El escozor que levanta el uso de un término desenmascara un problema latente que busca evitarse u ocultarse. David Faitelson compara este puto-gate con las manifestaciones racistas en contra de jugadores africanos en las ligas europeas, lo cual es atinado, ya que en ambos casos se pone en evidencia una situación que se quiere pasar por alto. En el Viejo Continente queda claro que la democrática Europa está plagada de grupos que rechazan la llegada de inmigrantes africanos y asiáticos a su territorio. En el punto que nos concierne ahora, el mundo del futbol parece negarse a aceptar que ahí hay tanta putería como en cualquier otro lugar.
¿Un futbolista homosexual es menos apto para desempeñarse en la cancha que uno heterosexual? Por supuesto que no: sin embargo, las cargas simbólicas de un balón de futbol son difíciles de contrarrestar.
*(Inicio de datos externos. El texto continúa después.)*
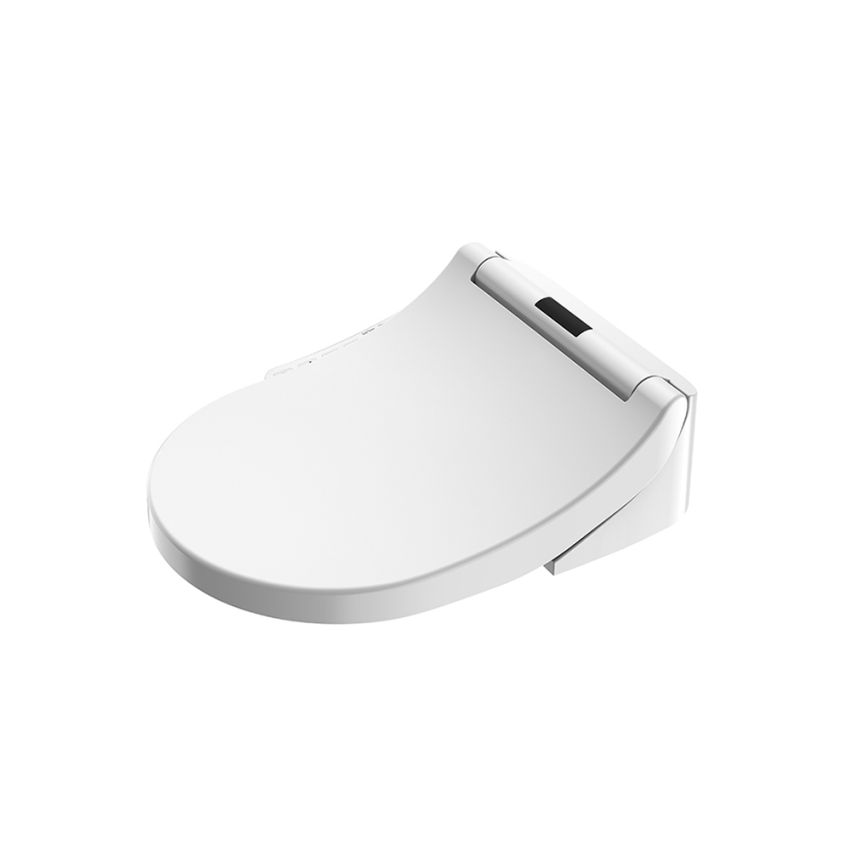 Instant Heating Smart Toilet Seat Wash & Dry Electric Bidet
Este objeto, entre otros semas, representa el primer indicador de que el bebé fue varón, o es el medio para destacarse o hundirse entre los pares en la primaria. Masculinidad, heterosexualidad y ser bueno en futbol son conceptos que parecen estar asociados naturalmente, por más que la realidad nos muestra una y otra vez lo inoperantes que son estas relaciones.
Esta vinculación artificial orilla a Cristiano Ronaldo a responder cada que se filtran fotografías suyas en compañía de otros musculocas (como él), a Carlos Salcido a convertirse en la botana del mes después de su «encuentro» con un travesti, a que la foto en la cual se ve a dos jugadores de Tigres celebrando la corona del torneo pasado con un beso bien plantado en los labios haya sido el motivo de innumerables memes. Por más que se niegue un grito en el estadio, éste resuena en todos lados, incluso en la cancha al festejar cada gol, según relata un comediante de stand up (no recuerdo su nombre) que confiesa haber recibido la agasajada de su vida después de anotar casi por accidente.
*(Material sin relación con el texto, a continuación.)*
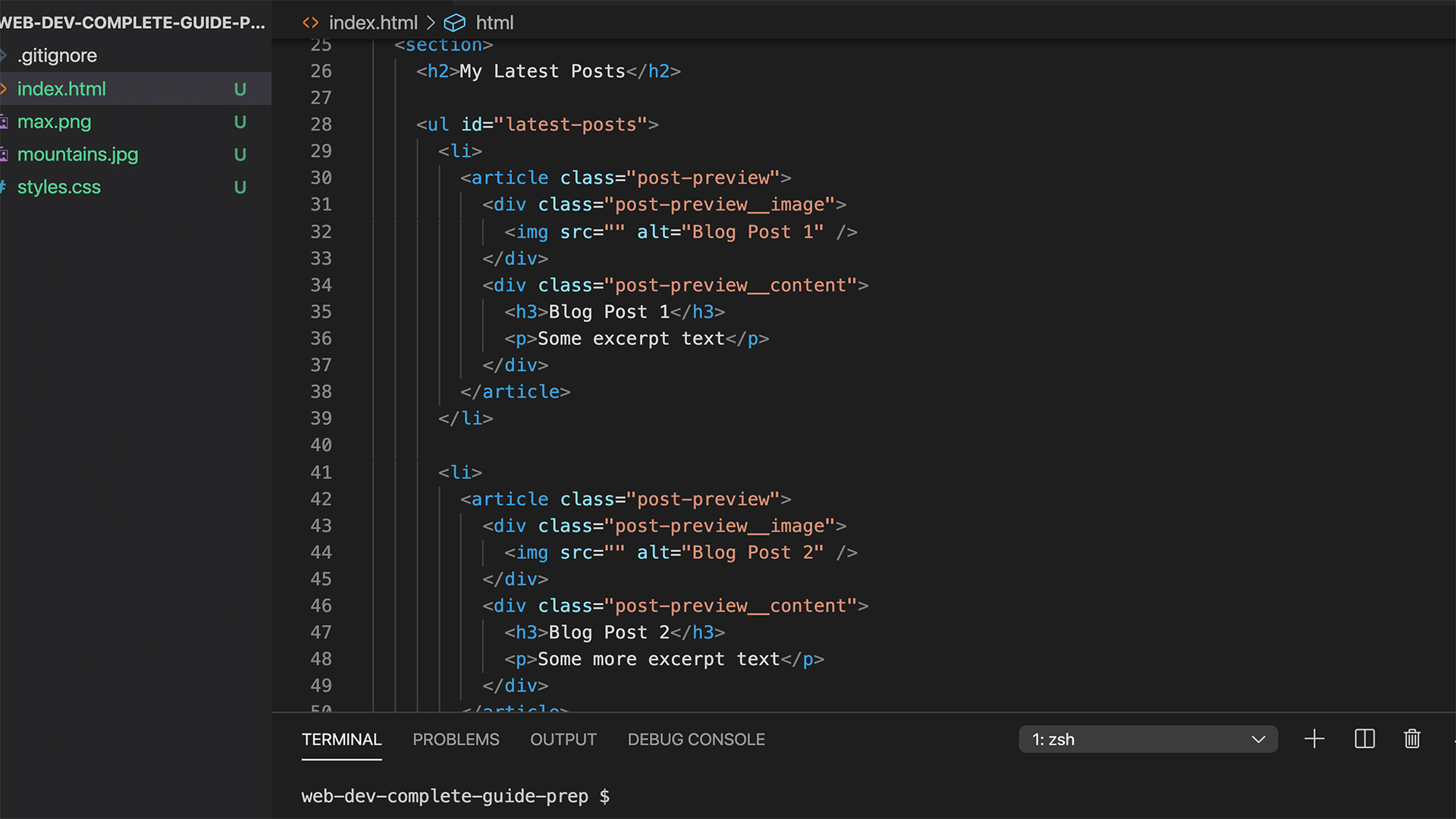 How I stay consistent while learning backend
En este caso, la censura envía un mensaje incorrecto, ya que la institución censora, al mostrarse especialmente preocupada por una palabra, demuestra sus propios prejuicios. Si bien coincidí con Faitelson unos párrafos arriba, no comparto el tono de alarma con el que él establecía la comparación entre los insultos racistas y el puto-gate. Arrojar plátanos a jugadores afrodescendientes es una ofensa con nombre y apellido; el «Eeeeeeee… ¡PUTO!» no discrimina, pues está destinado por igual a quien se lo merezca según la tribuna, independientemente de su orientación sexual. Lo dicho: el trasfondo es neandertal, pero otras prácticas de los aficionados al futbol no son más lógicas (¿celebrar victorias mediocres en el Ángel, por ejemplo?). No celebro el grito, pero tampoco lo considero más o menos discriminatorio que otras cosas que se entonan al calor del juego. ¿Y la respuesta institucional? Una tapadera para no darle cabida a un asunto que les duele, por putos.